Review by Sean Boelman
With a career that has spanned more than thirty years, Pedro Almodóvar is one of the most acclaimed Spanish-language filmmakers of all time. His newest film, Parallel Mothers, is yet another starring his frequent collaborator Penélope Cruz, and unsurprisingly, he again guides her to one of the best performances of her career.
The film follows two mothers who give birth on the same day as their lives become unexpectedly intertwined. Most of Almodóvar’s film’s are melodramatic, almost feeling like a better-made telenovela. It’s very twisty, and while the plot points are on the predictable side, the filmmaker’s skill makes the film resonant nevertheless.
One of the drawbacks of the film is its pacing. All of Almodóvar’s work requires a great deal of patience, but this one takes even more time than usual to reveal its hand. Part of what makes it frustrating is that the audience knows exactly where the film is heading, and yet it tries to play it off as a surprise.

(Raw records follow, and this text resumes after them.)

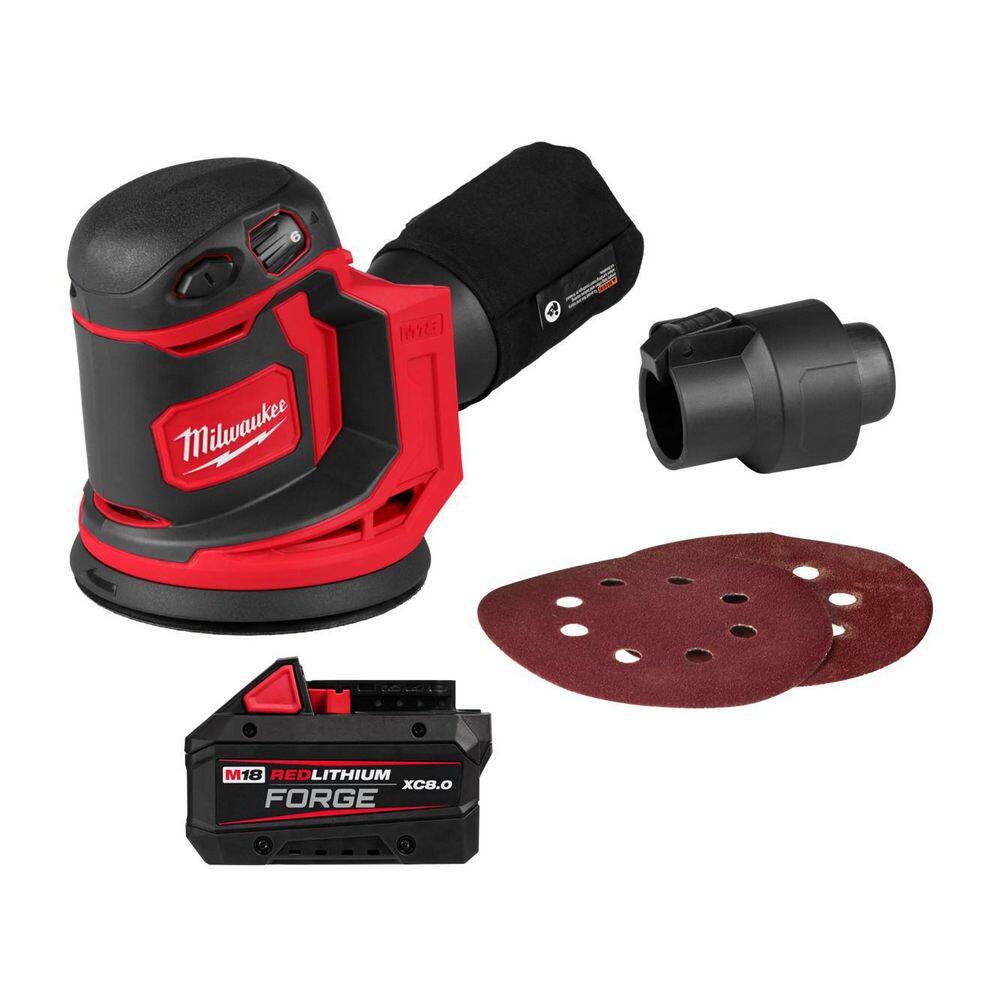 M18 18V Lithium-Ion Cordless 5 in. Random Orbit Sander w/ 8.0 Ah Battery price history on PriceWatchPro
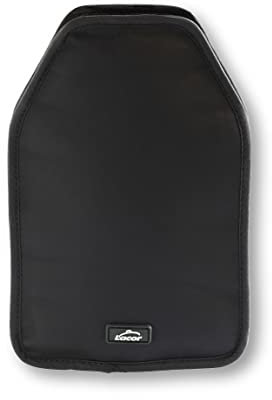 Lacor - 62277 - Étui de refroidisseur de bouteille noir, refroidisseur de bouteille, en tissu avec côtés élastiques, taille universelle, 15x23 cm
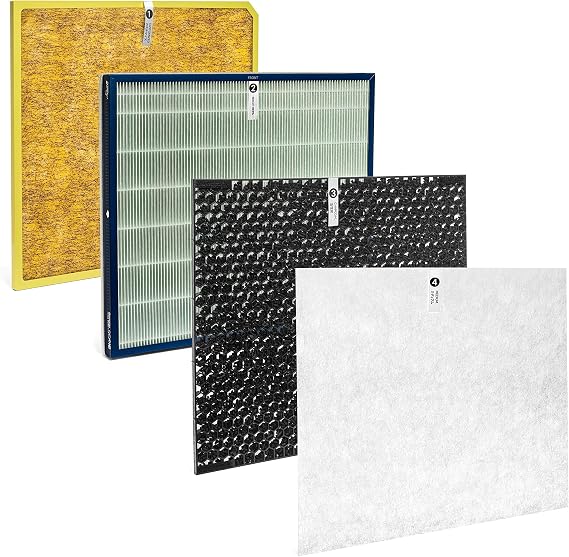 Rabbit Air A3 Genuine HEPA Filter Replacement Kit, Germ Defense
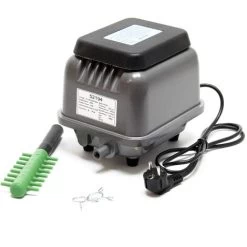 Sunsun HJB-120 Pompe à Air électromagnétique A Oxygène Pour Aquarium Bassin De Jardin Silencieuse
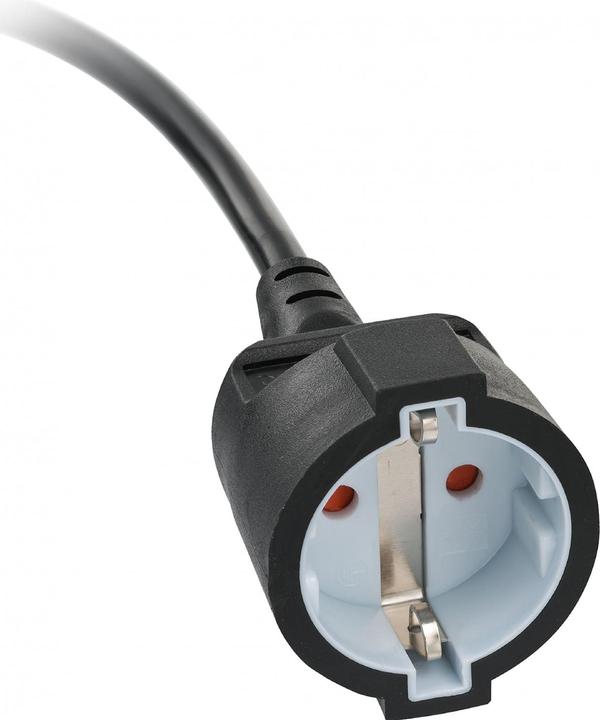 Produktbild Brennenstuhl Kurzverlängerungsleitung mit Winkel-Flachstecker 2m H05VV-F3G1.5 schwarz (2 m, CEE 7/4)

Furthermore, the film doesn’t really connect all of its pieces until the final act. The first two thirds are compelling, but leave the viewer wondering exactly why they are watching it. And then the last thirty minutes is exceptional, tying everything together in a way that is enormously profound. The final image of the film is without a doubt one of the finest of the year.
The film does a very good job of building the characters in a way that is fascinating and complex. One of Almodóvar’s strengths is that he takes these stories that seem so ridiculous and makes them feel extremely human. Even though the characters don’t always make the most likable decisions, the audience still sympathizes with them.
The absolute highlight of the film is Penélope Cruz’s performance. Each of the three acts calls for something very different from her, and she pulls off all of them while making it feel like a cohesive performance. And her chemistry with junior actress Milena Smit, who also holds her own, is excellent.
On a technical level, the film has Almodóvar’s usual style of hyperrealism to the point of looking artificial. It’s this constant fluctuation between the real and the fake which drives both the story and its execution. And the cinematography by José Luis Alcaine is exceptional, especially during the more symbolic second half.
Parallel Mothers might be one of Almodóvar’s weaker works to date, but even his lesser attempts are still thoroughly impressive. It’s worth watching for Penélope Cruz’s turn if nothing else, as it is extraordinary in every sense.
Parallel Mothers is now playing in theaters.